Get yourself two toothpicks. On yourself without looking or on someone else without them looking, test to see how
far apart they have to be for you to realise it is two toothpicks and not one when you press them against the skin of your fingertips. Try this again with the skin of your upper arm/thigh etc.
Different parts of your body are better or worse at detecting touch depending on the density of touch neurons, and subsequently a smaller or larger portion of your brain is devoted to processing those signals.
Pain receptors are different from touch receptors but the principle is the same. More pain receptors in an area will mean that you will be able to feel more pain in that area.
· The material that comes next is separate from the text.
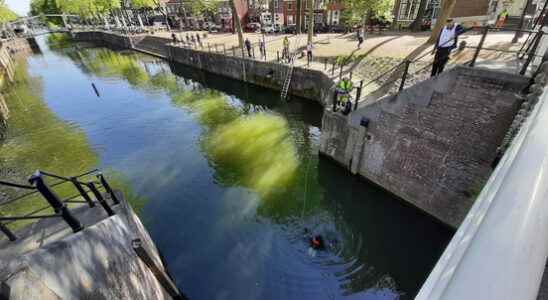 Practicing for high water along Lekdijk Risk of a breakthrough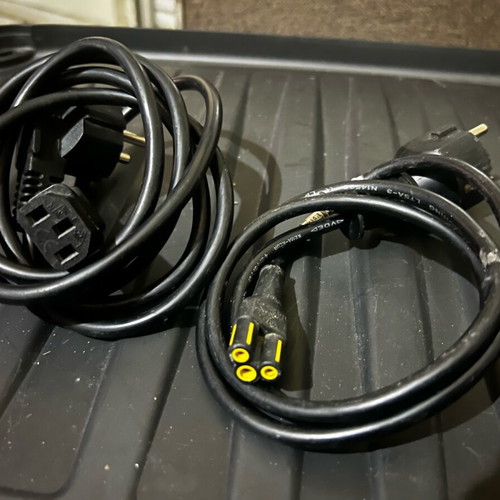 Power supplies like new, 3-pin, pack of 2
Hence why there are more pain receptors in places that you need to survive and procreate.
There is strong evolutionary pressure to have lots of pain receptors on your testicles, as trauma to them will screw up your chances of having kids. Therefore, making trauma to your testicles unpleasant makes you more likely to protect them, and makes your genes more likely to survive.
– thebook21
What is it about cancer that actually kills you?
Basically, cancer is out-of-control cell growth. Normally cells are pretty good at regulating their growth, and they stop growing when they’re supposed to (e.g., when your liver is the size it’s supposed to be, it stops creating new liver cells, except as needed to replace the old ones).
Cancer cells have the parts of their DNA that control cell growth damaged, so they just keep growing and growing.
Normally they start out confined to one place, so you just get a big lump of cancer cells, called a tumor. Then some cells start breaking off and spreading throughout the body, and they seed new tumors all over. This is called metastasis, and this is where things get bad. The tumors all over your body just keep growing. Some of then grow inside your organs, or near your organs, and start crushing them. This interferes with the normal function of your organs, and eventually kills you.
What is The Strawman Fallacy?
A Straw Man is a misrepresentation or complete invention of your opponents argument in order to make dismantling of that argument easier.
A common example is a person who thinks we need tighter border regulation and need to crack down on illegal immigration. The Straw Man argument often brought up against this position is, “So and so is against immigration. Doesn’t he know we were a nation founded on immigrants?”
The Straw Man in this case is that person A is not against immigration, but a specific type, namely illegal immigration. So person B misrepresents his position and creates the lie that person A is opposed to all immigration.
Another example:
Your mom says you can’t have any cookies before dinner because you will spoil your appetite. You complain to your dad that your mom will not let you eat anything because she wants you to starve. This was not your mother’s argument, but your dad hears this and storms into the kitchen wanting to know why she insists on starving you. Your mom tells him that’s not what she said at all, that her position was simply that you could not have any cookies before dinner, and your dad nods sagely at this. Realizing you misrepresented your mother’s claims, your father sentences you to stand in the field to scare off crows while you think about what you’ve done.